Large Search Model: Redefining Search Stack in the Era of LLMs
Liang Wang, Nan Yang, Xiaolong Huang, Linjun Yang, Rangan Majumder, Furu Wei
TL;DR
The paper addresses the fragmentation of modern search stacks by proposing a Large Search Model (LSM): a customized large language model that unifies information retrieval tasks into autoregressive text generation guided by natural language prompts. This approach aims to improve generalization and reduce system complexity by handling diverse IR tasks within a single model, while acknowledging significant challenges in inference cost, long-context modeling, and responsible AI alignment. A proof-of-concept using LLaMA-7B on MS MARCO demonstrates competitive performance in listwise ranking and retrieval-augmented answer generation, with context length extended to $16k$ tokens.
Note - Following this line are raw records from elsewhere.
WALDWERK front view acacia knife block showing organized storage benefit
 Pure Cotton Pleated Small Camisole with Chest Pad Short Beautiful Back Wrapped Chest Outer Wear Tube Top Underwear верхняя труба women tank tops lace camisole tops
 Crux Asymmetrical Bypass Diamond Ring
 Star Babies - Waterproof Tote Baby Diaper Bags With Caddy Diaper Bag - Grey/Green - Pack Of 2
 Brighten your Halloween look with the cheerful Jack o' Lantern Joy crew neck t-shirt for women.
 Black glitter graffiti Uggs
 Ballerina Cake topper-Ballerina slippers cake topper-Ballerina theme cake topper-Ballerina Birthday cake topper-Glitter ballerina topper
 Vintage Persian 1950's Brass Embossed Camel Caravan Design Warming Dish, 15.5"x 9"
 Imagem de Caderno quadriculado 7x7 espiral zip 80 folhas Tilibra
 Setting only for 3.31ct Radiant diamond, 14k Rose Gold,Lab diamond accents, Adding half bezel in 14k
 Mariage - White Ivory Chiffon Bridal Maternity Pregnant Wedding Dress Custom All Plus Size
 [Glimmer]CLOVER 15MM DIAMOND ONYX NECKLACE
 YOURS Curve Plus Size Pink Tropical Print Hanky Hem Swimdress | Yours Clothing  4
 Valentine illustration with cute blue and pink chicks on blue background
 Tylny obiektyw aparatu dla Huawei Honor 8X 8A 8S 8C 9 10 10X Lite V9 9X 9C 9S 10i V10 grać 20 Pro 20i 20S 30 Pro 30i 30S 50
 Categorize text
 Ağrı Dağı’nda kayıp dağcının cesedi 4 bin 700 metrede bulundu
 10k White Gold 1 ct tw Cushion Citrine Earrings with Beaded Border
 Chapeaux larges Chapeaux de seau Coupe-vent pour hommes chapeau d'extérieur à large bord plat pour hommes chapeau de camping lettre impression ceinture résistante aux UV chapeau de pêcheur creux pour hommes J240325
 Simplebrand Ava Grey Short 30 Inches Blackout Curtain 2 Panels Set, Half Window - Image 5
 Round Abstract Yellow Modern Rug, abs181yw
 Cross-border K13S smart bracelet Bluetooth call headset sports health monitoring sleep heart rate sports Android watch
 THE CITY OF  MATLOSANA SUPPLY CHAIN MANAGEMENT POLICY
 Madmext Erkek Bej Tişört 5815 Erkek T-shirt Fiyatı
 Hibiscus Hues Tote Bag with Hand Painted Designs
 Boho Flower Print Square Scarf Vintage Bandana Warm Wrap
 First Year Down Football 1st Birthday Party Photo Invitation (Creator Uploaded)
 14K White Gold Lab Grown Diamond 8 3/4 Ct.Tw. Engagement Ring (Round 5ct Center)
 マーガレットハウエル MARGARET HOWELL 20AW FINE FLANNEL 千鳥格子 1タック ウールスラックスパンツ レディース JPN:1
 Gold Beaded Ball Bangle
The work outlines practical deployment considerations, including efficiency techniques and mitigation of hallucinations, and calls for future benchmarks and research to scale and validate the unified framework across real-world search systems. Overall, the paper offers a roadmap for leveraging multi-modal LLMs and prompt-driven task customization to rethink the information retrieval stack in the era of LLMs.
Abstract
Modern search engines are built on a stack of different components, including query understanding, retrieval, multi-stage ranking, and question answering, among others. These components are often optimized and deployed independently. In this paper, we introduce a novel conceptual framework called large search model, which redefines the conventional search stack by unifying search tasks with one large language model (LLM). All tasks are formulated as autoregressive text generation problems, allowing for the customization of tasks through the use of natural language prompts. This proposed framework capitalizes on the strong language understanding and reasoning capabilities of LLMs, offering the potential to enhance search result quality while simultaneously simplifying the existing cumbersome search stack. To substantiate the feasibility of this framework, we present a series of proof-of-concept experiments and discuss the potential challenges associated with implementing this approach within real-world search systems.